Cluster analysis to identify prominent patterns of anti-hypertensives: A three-tiered unsupervised learning approach

oleh: Reetu Sharma

Format: Article
Diterbitkan: Elsevier 2020-01-01

Deskripsi

Clustering brings molecules having similar patterns together and is governed mainly by the structural features (SFs). The challenge is to cluster in such a way that the minimum number of groups with significant molecules having similar prevalent patterns comes together with minimal human intervention.
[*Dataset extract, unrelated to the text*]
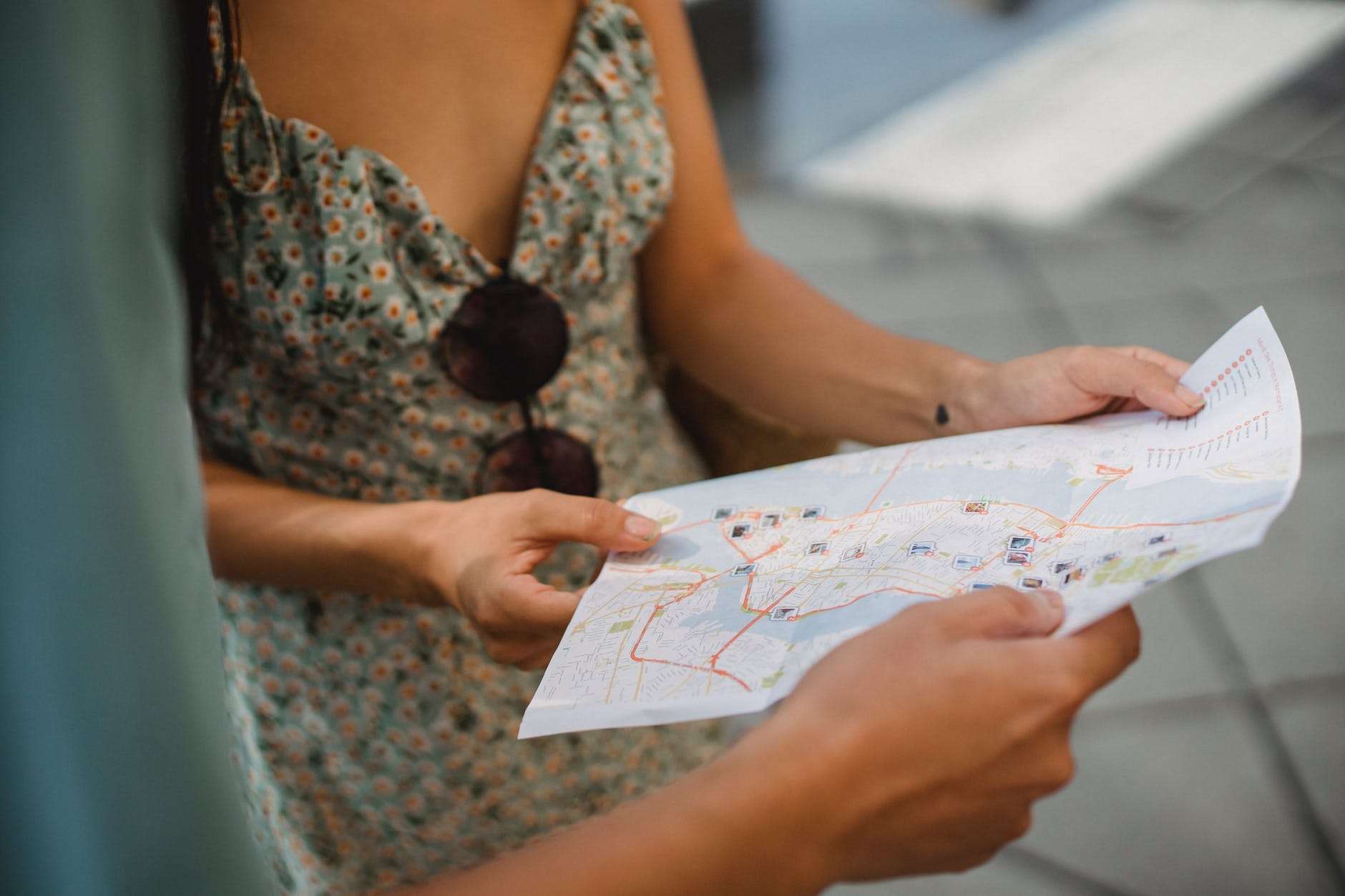 crop faceless couple checking direction on city map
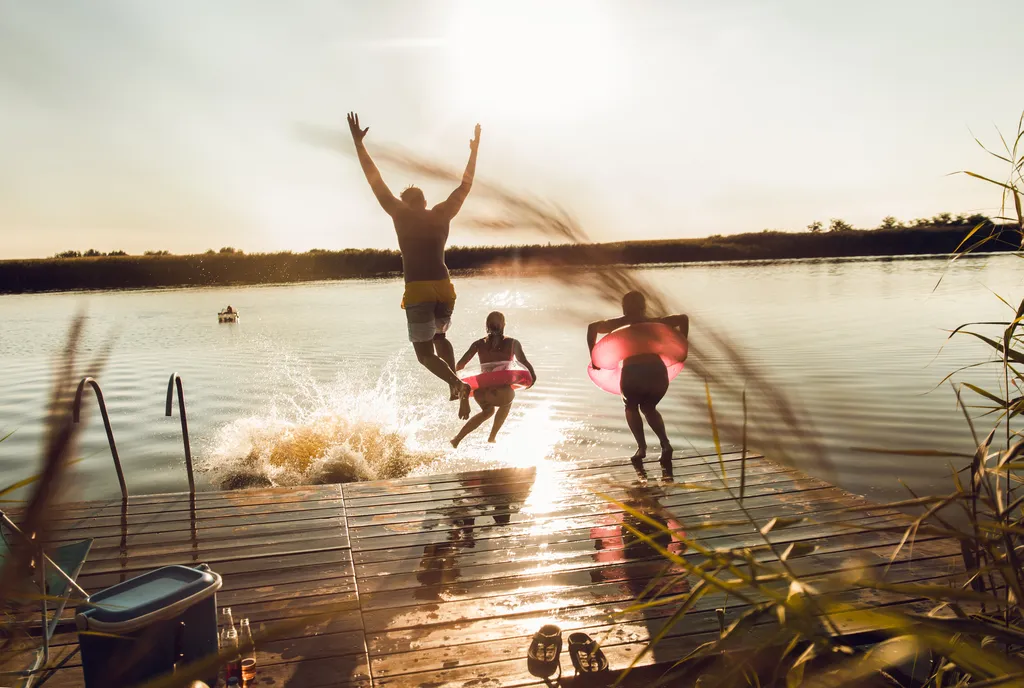 Drei Menschen springen bei Sonnenuntergang fröhlich von einem Steg in einen See, wobei einer eine rosa Schwimmhilfe benutzt und dabei Spritzer im Wasser verursacht.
Determining an automatic and reliable approach to cluster molecules is crucial for clinical assessment of medical conditions. Hypertension is one of such health conditions and anti-hypertensives (AHs) are the approved drugs to treat it. Here, an attempt has been made to cluster the AHs to identify the prominent patterns within a group. Principal component analysis (PCA) and k-means are well established independent algorithms, however, in this work, clustering is proceeded by PCA and is followed by one-way analysis of similarities (ANOSIM). The additional step of statistical relevance brings novelty in the final selection of the cluster. The latter highlights the significant difference between the two or more groups to enhance the clustering based on the similarity of the features within a group. Clustering of the United States Food and Drug Administration agency approved anti-hypertensives into six groups show a success rate of 94.73%. Kruskal-Wallis test for k = 6 suggest that there is a significant difference between the sample medians. Analysis of the cluster identifies the prominent pattern within a group. The average specificity and sensitivity achieved for k = 6 are 98.0 ± 1.6% and 97.3 ± 4.5%, respectively. A brief overview of the structural or functional relevance of molecules overlapping in a PCA plot for k = 6 has been discussed. The study is likely to be useful for a preliminary assessment to identify prevalent trends in SFs of AHs.